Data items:
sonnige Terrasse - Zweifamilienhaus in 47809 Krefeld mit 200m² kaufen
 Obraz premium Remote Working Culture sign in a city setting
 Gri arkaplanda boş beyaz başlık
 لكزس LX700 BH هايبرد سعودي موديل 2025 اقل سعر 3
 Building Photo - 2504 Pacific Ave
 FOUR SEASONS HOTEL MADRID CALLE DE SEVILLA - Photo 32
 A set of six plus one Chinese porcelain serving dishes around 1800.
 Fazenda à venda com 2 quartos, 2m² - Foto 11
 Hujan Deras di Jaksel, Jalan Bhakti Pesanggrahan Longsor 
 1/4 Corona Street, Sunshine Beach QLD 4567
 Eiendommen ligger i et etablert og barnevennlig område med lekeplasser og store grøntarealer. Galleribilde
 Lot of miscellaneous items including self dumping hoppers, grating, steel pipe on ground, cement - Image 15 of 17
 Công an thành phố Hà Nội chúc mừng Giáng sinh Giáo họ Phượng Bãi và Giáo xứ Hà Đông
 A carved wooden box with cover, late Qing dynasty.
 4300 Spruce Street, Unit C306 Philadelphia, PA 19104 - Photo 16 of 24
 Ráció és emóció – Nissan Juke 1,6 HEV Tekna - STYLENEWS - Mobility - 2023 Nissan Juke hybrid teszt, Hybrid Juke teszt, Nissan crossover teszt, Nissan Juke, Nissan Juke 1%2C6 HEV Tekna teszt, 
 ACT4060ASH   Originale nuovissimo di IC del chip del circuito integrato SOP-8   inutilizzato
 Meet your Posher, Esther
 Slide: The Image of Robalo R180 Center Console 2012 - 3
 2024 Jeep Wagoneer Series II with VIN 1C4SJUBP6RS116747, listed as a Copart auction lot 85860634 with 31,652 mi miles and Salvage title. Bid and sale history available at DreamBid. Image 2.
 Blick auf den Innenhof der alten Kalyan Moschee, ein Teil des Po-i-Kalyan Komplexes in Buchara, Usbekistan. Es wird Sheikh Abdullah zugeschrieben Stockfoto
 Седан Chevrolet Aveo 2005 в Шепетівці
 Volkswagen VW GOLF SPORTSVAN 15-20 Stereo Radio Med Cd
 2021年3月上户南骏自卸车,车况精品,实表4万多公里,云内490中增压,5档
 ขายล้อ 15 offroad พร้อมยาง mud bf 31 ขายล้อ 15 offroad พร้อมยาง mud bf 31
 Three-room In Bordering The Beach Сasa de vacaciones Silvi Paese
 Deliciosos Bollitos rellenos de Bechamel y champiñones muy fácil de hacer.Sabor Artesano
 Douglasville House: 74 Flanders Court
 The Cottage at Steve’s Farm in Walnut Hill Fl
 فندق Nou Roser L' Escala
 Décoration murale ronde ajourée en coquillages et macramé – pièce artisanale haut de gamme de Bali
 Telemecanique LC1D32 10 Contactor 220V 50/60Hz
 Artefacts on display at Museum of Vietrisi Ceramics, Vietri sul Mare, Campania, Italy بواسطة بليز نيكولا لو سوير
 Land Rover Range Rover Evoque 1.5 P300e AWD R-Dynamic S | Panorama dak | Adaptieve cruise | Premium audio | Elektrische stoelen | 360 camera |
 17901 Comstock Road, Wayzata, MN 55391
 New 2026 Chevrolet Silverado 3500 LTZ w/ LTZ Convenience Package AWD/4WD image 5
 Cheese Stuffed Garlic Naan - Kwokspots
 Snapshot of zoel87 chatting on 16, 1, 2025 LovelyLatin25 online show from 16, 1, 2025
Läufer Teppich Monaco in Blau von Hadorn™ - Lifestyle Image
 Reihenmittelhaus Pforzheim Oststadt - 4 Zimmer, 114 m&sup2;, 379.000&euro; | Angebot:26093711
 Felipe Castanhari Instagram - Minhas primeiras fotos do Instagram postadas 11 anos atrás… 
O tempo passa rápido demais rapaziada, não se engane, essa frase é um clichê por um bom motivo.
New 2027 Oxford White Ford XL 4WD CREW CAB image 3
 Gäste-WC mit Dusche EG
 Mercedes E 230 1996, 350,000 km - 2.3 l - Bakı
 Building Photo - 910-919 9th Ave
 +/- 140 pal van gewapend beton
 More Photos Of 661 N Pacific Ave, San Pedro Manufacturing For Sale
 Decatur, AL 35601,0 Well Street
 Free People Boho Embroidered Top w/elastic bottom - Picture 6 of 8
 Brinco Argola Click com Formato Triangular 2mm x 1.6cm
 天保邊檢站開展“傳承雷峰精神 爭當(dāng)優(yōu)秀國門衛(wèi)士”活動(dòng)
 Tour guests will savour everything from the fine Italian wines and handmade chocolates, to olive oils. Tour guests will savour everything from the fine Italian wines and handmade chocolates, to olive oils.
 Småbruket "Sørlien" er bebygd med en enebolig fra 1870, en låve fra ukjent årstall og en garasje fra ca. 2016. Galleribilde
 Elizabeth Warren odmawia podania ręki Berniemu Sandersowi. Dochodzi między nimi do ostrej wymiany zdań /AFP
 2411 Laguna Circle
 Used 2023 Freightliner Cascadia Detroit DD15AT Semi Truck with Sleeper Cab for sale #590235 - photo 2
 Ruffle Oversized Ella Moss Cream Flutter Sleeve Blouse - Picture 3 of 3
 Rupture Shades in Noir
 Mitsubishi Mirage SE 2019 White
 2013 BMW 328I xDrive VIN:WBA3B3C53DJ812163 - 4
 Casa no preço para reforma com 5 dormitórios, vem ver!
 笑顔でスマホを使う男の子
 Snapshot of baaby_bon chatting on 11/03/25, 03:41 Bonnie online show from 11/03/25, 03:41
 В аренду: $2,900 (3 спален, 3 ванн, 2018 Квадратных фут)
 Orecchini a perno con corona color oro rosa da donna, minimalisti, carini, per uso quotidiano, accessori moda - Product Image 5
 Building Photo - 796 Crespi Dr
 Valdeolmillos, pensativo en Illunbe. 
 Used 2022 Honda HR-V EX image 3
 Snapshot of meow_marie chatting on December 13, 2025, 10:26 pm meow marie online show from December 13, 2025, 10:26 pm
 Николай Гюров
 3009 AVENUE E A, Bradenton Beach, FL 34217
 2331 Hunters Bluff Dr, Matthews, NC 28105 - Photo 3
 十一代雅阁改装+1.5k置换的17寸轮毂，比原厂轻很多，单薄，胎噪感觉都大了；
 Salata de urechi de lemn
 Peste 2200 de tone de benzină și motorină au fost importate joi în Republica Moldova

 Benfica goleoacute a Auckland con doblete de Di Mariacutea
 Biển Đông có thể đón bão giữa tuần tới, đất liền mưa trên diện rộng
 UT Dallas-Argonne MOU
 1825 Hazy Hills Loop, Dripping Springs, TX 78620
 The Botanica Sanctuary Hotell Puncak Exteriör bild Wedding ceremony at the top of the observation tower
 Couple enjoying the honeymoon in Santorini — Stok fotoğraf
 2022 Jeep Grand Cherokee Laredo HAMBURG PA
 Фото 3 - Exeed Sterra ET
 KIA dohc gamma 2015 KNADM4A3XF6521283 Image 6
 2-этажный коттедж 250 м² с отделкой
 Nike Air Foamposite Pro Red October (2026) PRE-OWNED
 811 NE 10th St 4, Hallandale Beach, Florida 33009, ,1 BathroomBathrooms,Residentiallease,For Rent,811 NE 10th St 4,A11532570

→ **Your task**
Using the records above, repeat exactly the lines from the first one through the line with "4300 Spruce Street, Unit".

→ **Answer area**
sonnige Terrasse - Zweifamilienhaus in 47809 Krefeld mit 200m² kaufen
 Obraz premium Remote Working Culture sign in a city setting
 Gri arkaplanda boş beyaz başlık
 لكزس LX700 BH هايبرد سعودي موديل 2025 اقل سعر 3
 Building Photo - 2504 Pacific Ave
 FOUR SEASONS HOTEL MADRID CALLE DE SEVILLA - Photo 32
 A set of six plus one Chinese porcelain serving dishes around 1800.
 Fazenda à venda com 2 quartos, 2m² - Foto 11
 Hujan Deras di Jaksel, Jalan Bhakti Pesanggrahan Longsor 
 1/4 Corona Street, Sunshine Beach QLD 4567
 Eiendommen ligger i et etablert og barnevennlig område med lekeplasser og store grøntarealer. Galleribilde
 Lot of miscellaneous items including self dumping hoppers, grating, steel pipe on ground, cement - Image 15 of 17
 Công an thành phố Hà Nội chúc mừng Giáng sinh Giáo họ Phượng Bãi và Giáo xứ Hà Đông
 A carved wooden box with cover, late Qing dynasty.
 4300 Spruce Street, Unit C306 Philadelphia, PA 19104 - Photo 16 of 24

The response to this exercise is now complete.